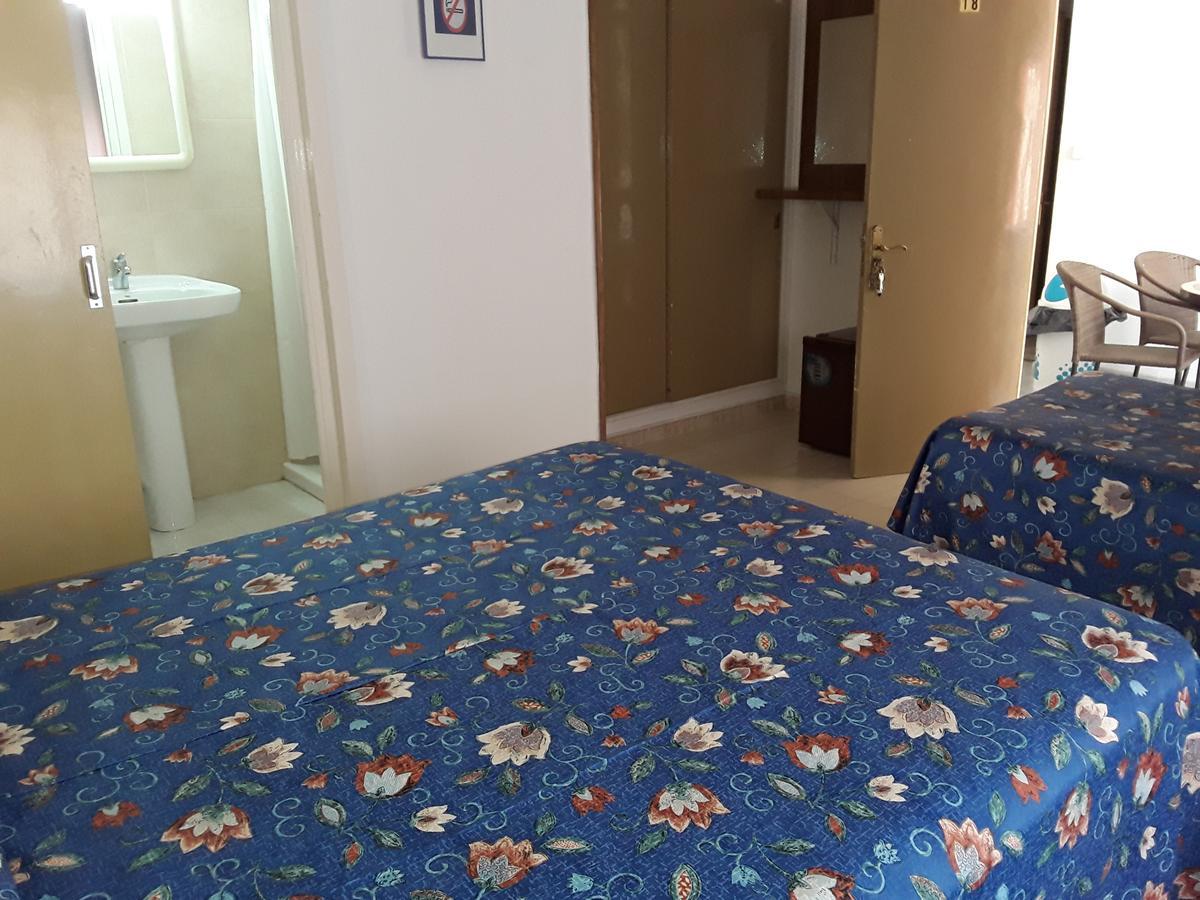 Hostal Margarita Pineda de Mar Buitenkant foto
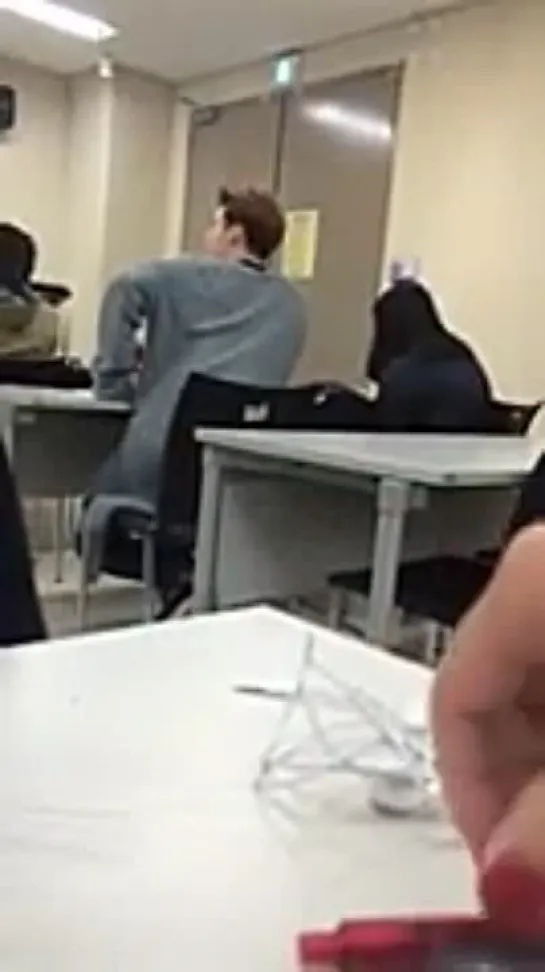 [April 08, 2015] Jong Suk attending Class @ Konkuk University- Part 4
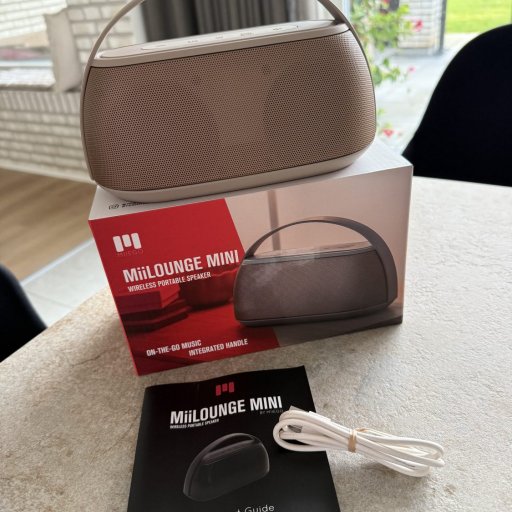 Joan er glad for sin nye højtaler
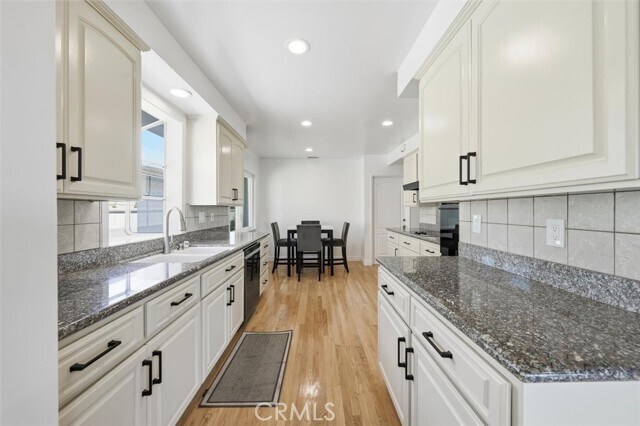 Building Photo - 5613 Pso De Pablo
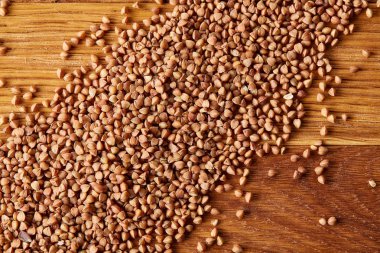 Karabuğday kabuğu çıkarılmış tane ahşap arka plan, üstten görünüm, yakın çekim, seçici odak, sığ derinlik-in tarla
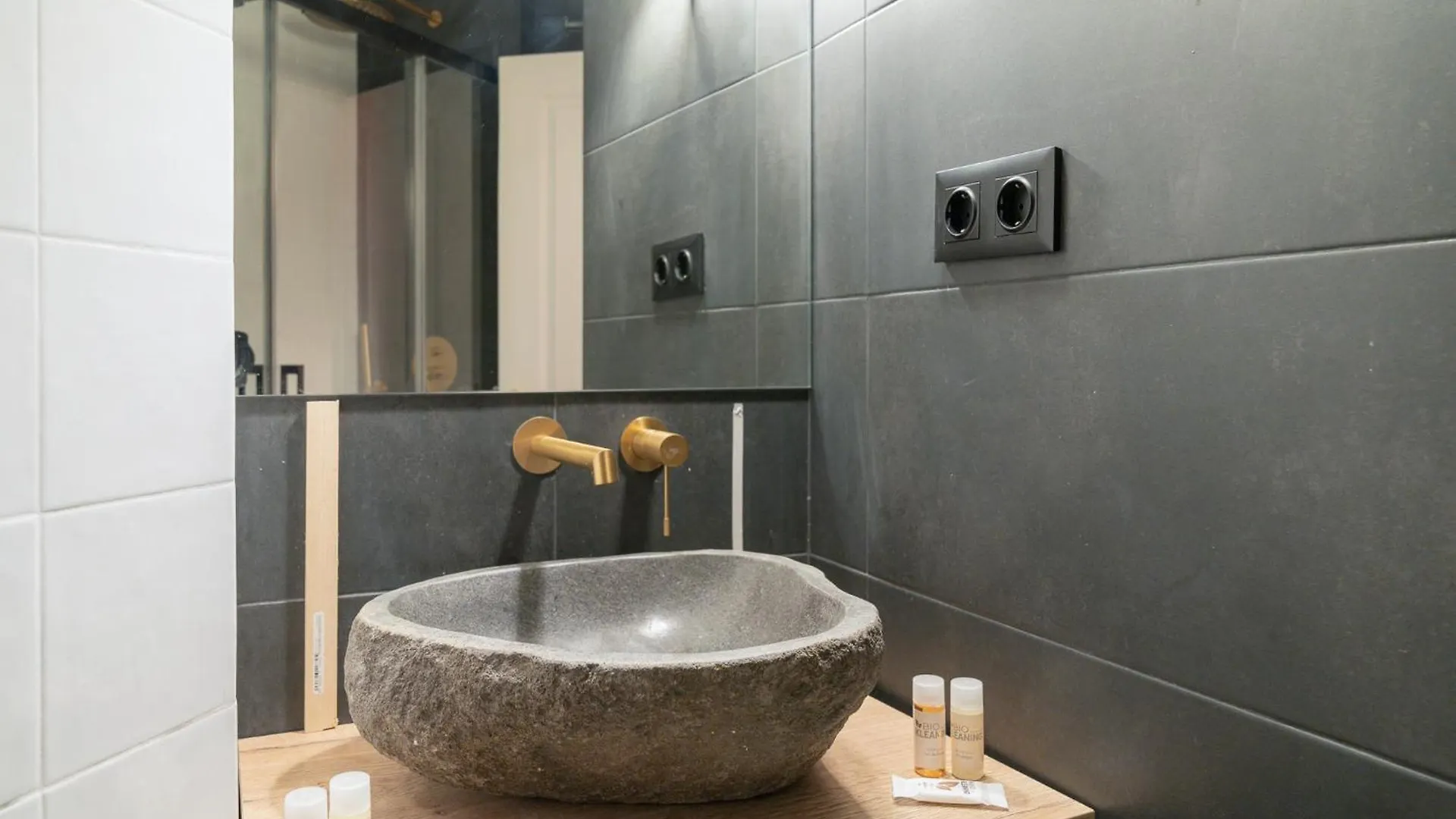 Stay U-Nique Apartment Putxet II Барселона Испания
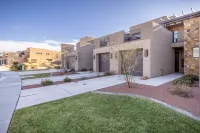 Heated Pool and Beautiful Golf Course Access - Exquisite Oasis Retreat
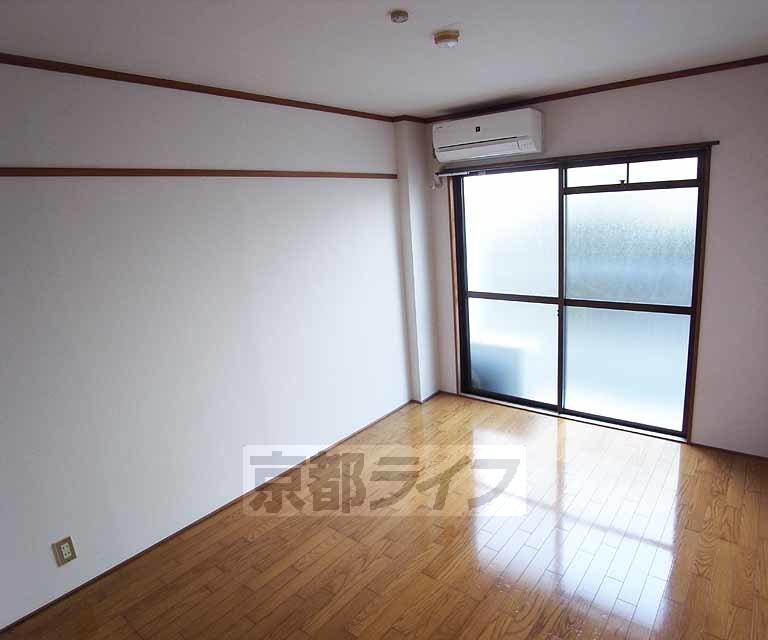 居室・リビング　使いやすい四角のお部屋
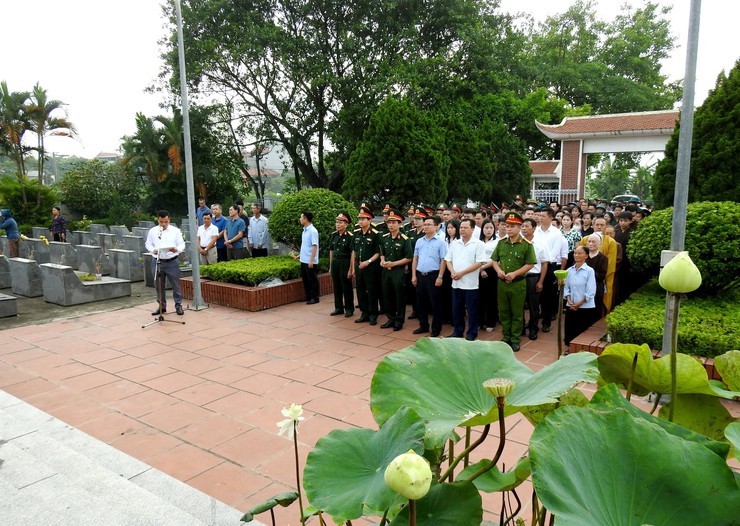 BÍ THƯ ĐẢNG ỦY XÃ TRUNG GIÃ DÂNG HƯƠNG TƯỞNG NIỆM CÁC ANH HÙNG LIỆT SĨ NHÂN KỶ NIỆM 78 NĂM NGÀY THƯƠNG BINH - LIỆT SĨ 27/7- Ảnh 1.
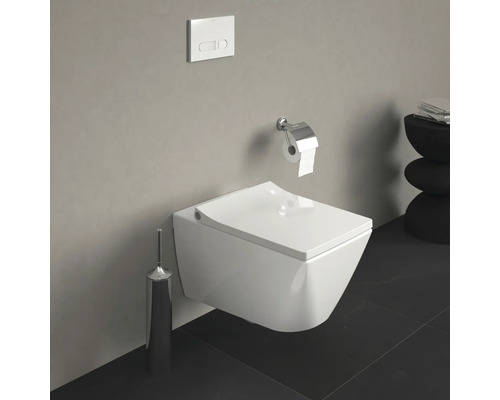 WC suspendat cu suport pentru hârtie igienică și rezervor de apă în baie.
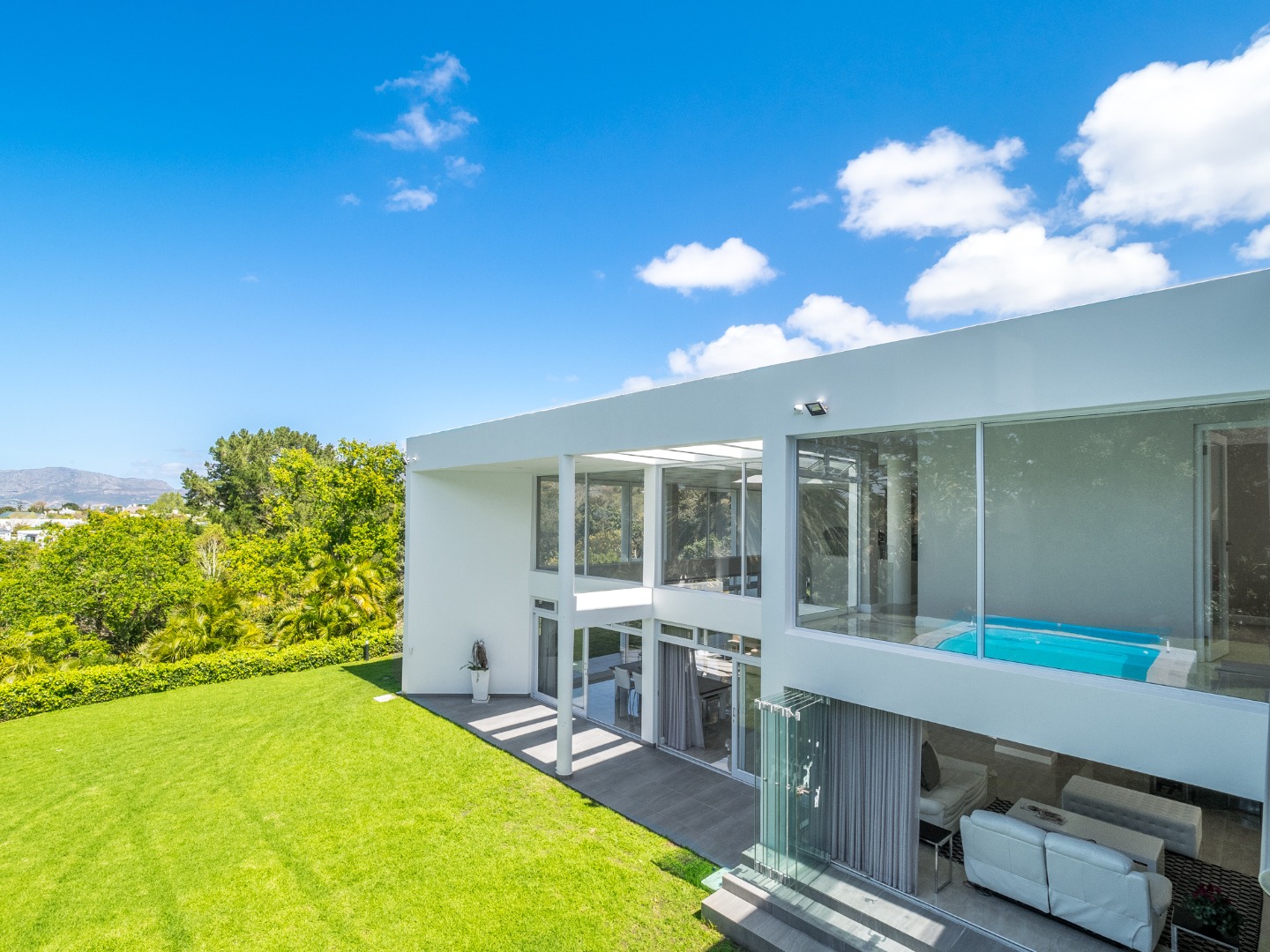 10 Bedroom House For Sale in Constantia RE/MAX™ of Southern Africa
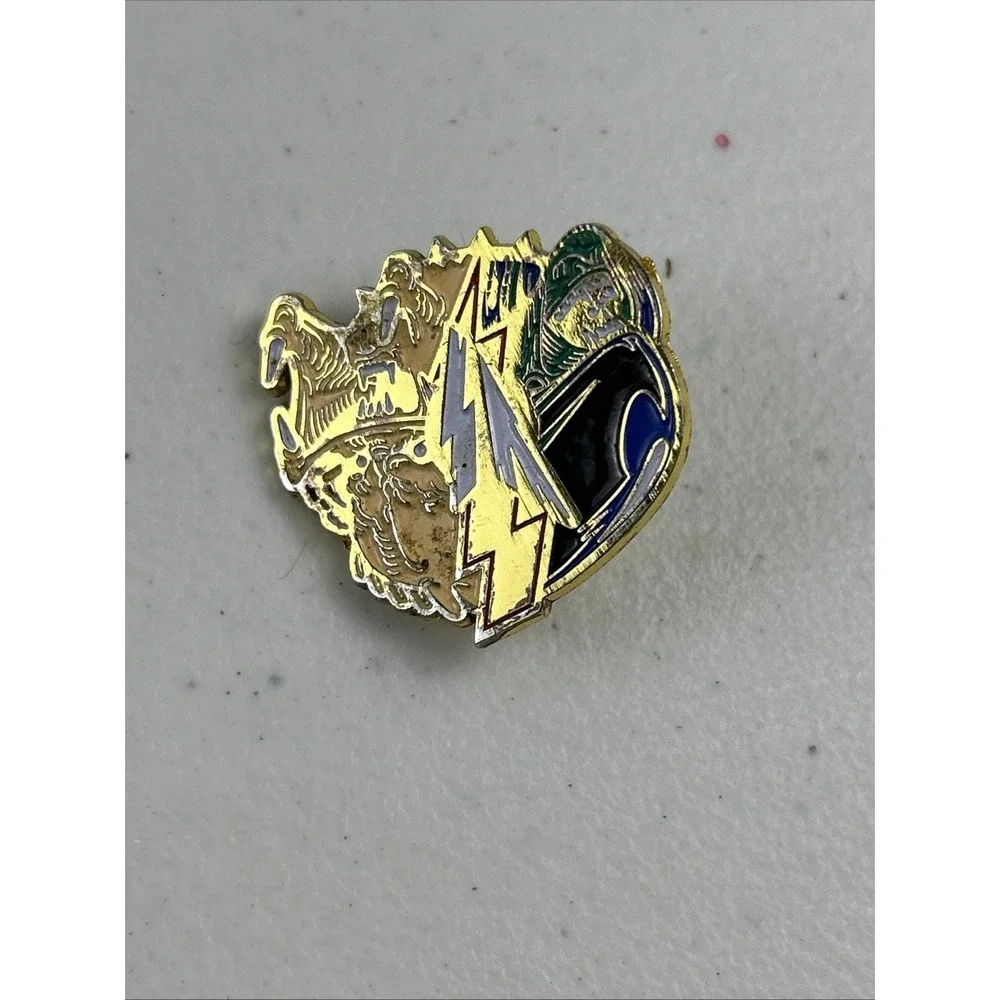 Alien VS Predator Lapel Pin Video‎ Loot Gaming Silver Color Outline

### [Exercise]
Each line from the one bearing "Stay U-Nique Apartment" through the final line of the records is to be copied exactly, and no pictures are to be included.

### [Task result]
 Stay U-Nique Apartment Putxet II Барселона Испания
 Heated Pool and Beautiful Golf Course Access - Exquisite Oasis Retreat
 居室・リビング　使いやすい四角のお部屋
 BÍ THƯ ĐẢNG ỦY XÃ TRUNG GIÃ DÂNG HƯƠNG TƯỞNG NIỆM CÁC ANH HÙNG LIỆT SĨ NHÂN KỶ NIỆM 78 NĂM NGÀY THƯƠNG BINH - LIỆT SĨ 27/7- Ảnh 1.
 WC suspendat cu suport pentru hârtie igienică și rezervor de apă în baie.
 10 Bedroom House For Sale in Constantia RE/MAX™ of Southern Africa
 Alien VS Predator Lapel Pin Video‎ Loot Gaming Silver Color Outline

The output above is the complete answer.